The procedure can be explained as follows: we let a parameter $\varepsilon$ start at 0, and as we increase it all the way to infinity we keep considering the instantaneous subgraphs made of a) all the vertices in the original graph, and b) those edges whose weight is less than or equal to the current $\varepsilon$. We also promote these subgraphs to more general structures called **(simplicial) complexes** that, alongside vertices and edges, also possess $k$**-simplices**, i.e. selected subsets of $k + 1$ vertices (a 2-simplex is an abstract "triangle", a 3-simplex an abstract "tetrahedron", etc). Our criterion is this: for each integer $k \geq 2$, all $(k + 1)$-cliques in each instantaneous subgraph are declared to be the $k$-simplices of the subgraph's associated complex. By definition, the $0$-simplices are the vertices and the $1$-simplices are the available edges.

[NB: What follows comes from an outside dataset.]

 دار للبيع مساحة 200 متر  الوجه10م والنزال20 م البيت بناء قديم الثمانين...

As $\varepsilon$ increases from 0 (included) to infinity, we record the following information:
1. How many new **connected components** are created because of the appearance of vertices (in this example, all vertices "appear" in one go at $\varepsilon = 0$, by definition!), or merge because of the appearance of new edges.
2. How many new 1-dimensional "holes", 2-dimensional "cavities", or more generally $d$-dimensional **voids** are created in the instantaneous complex. A hole, cavity, or $d$-dimensional void is such only if there is no collection of "triangles", "tetrahedra", or $(d + 1)$-simplices which the void is the "boundary" of. *Note*: Although the edges of a triangle *alone* "surround a hole", these cannot occur in our particular construction because the "filling" triangle is also declared present in the complex when all its edges are.
3. How many $d$-dimensional voids which were present at earlier values of $\epsilon$ are "filled" by $(d + 1)$-simplices which just appear.

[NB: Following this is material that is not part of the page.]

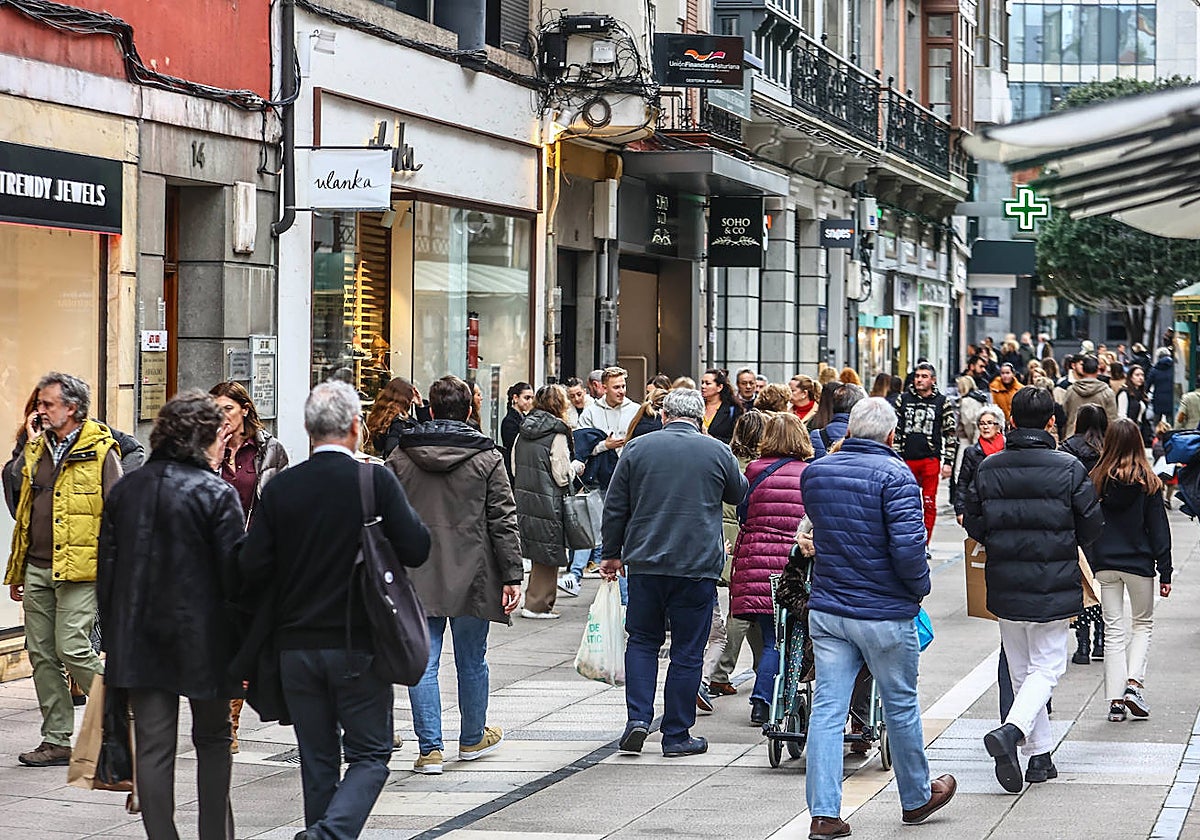 Ciudadanos pasean por una calle comercial de Oviedo.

This process of recording the full topological history of the graph across all edge weights is called (Vietoris-Rips) **persistent homology**!

Let us start at $\varepsilon = 0$: Some edges had zero weight in our graph, so they already appear!
![](https://raw.githubusercontent.com/ulupo/giotto-tda/examples/flagser_notebook/examples/images/clique_complex_0_small.png)
There are 9 connected components, and nothing much else.

Up to and including $\varepsilon = 2$, a few more edges are added which make some of the connected components merge together but do not create any hole, triangles, or higher cliques. Let us look at $\varepsilon = 3$:
![](https://raw.githubusercontent.com/ulupo/giotto-tda/examples/flagser_notebook/examples/images/clique_complex_3_small.png)
The newly arrived edges reduce the number of connected components further, but more interestingly they create a 1D hole!

As an example of a "higher"-simplex, at $\varepsilon = 4$ we get our first triangle:
![](https://raw.githubusercontent.com/ulupo/giotto-tda/examples/flagser_notebook/examples/images/clique_complex_4_small.png)

At $\varepsilon = 5$, our 1D hole is filled:
![](https://raw.githubusercontent.com/ulupo/giotto-tda/examples/flagser_notebook/examples/images/clique_complex_5_small.png)

At $\varepsilon = 8$, two new 1D holes appear:
![](https://raw.githubusercontent.com/ulupo/giotto-tda/examples/flagser_notebook/examples/images/clique_complex_8_small.png)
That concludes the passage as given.